What the exercise asks:
Produce an exact transcription of the data, with the images left out.

Source material:
BEGIN
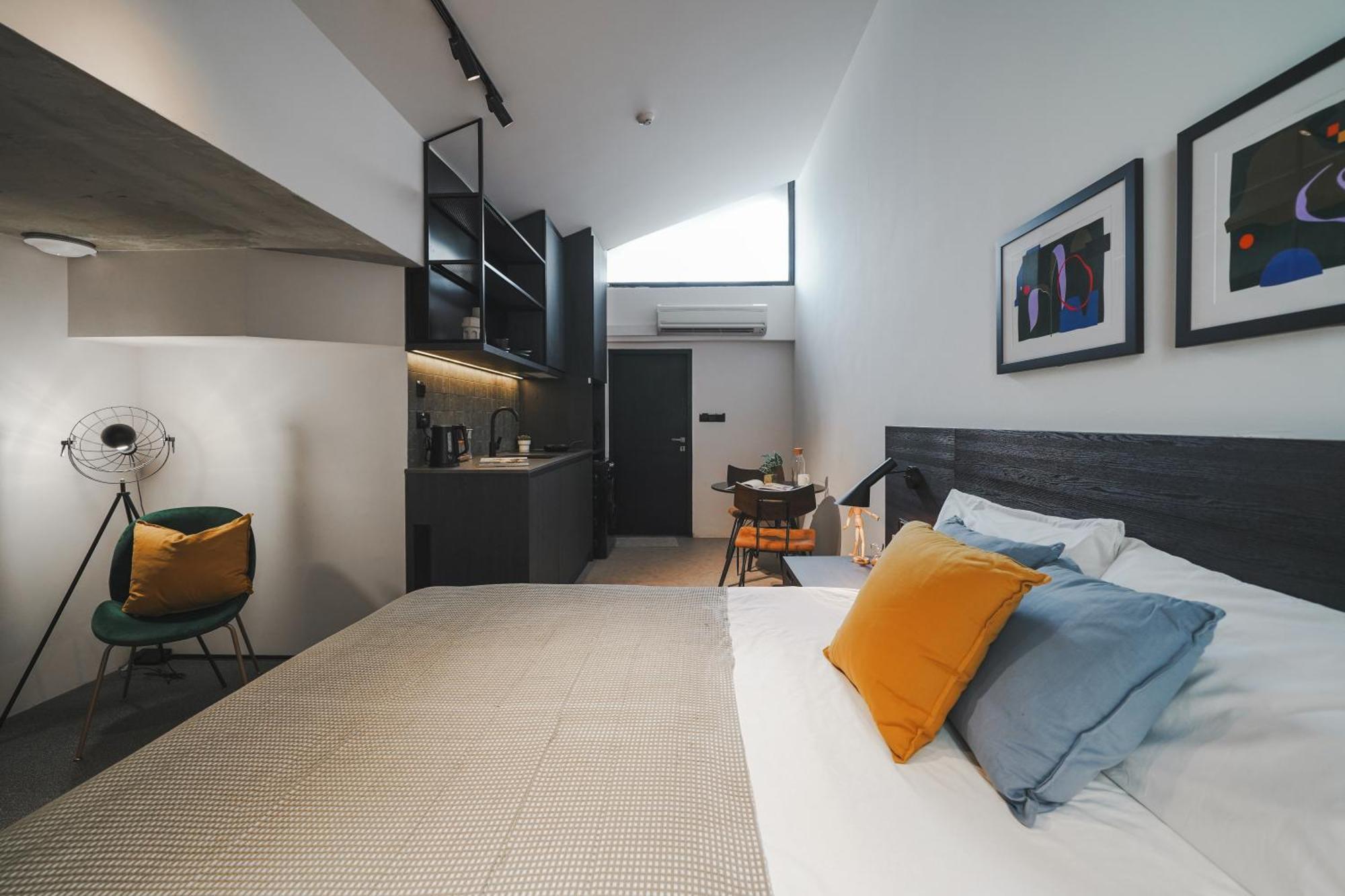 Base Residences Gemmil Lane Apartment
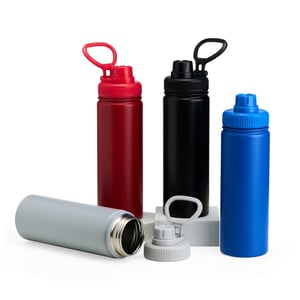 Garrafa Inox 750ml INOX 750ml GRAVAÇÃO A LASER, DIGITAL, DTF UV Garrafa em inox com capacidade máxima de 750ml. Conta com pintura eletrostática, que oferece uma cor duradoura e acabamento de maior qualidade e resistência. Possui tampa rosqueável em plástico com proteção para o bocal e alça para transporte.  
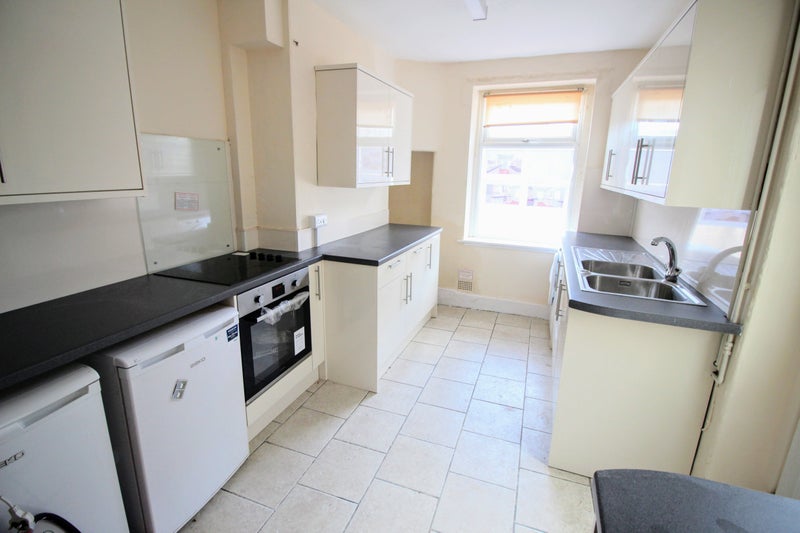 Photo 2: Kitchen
END
Response to this task:
 Base Residences Gemmil Lane Apartment
 Garrafa Inox 750ml INOX 750ml GRAVAÇÃO A LASER, DIGITAL, DTF UV Garrafa em inox com capacidade máxima de 750ml. Conta com pintura eletrostática, que oferece uma cor duradoura e acabamento de maior qualidade e resistência. Possui tampa rosqueável em plástico com proteção para o bocal e alça para transporte.  
 Photo 2: Kitchen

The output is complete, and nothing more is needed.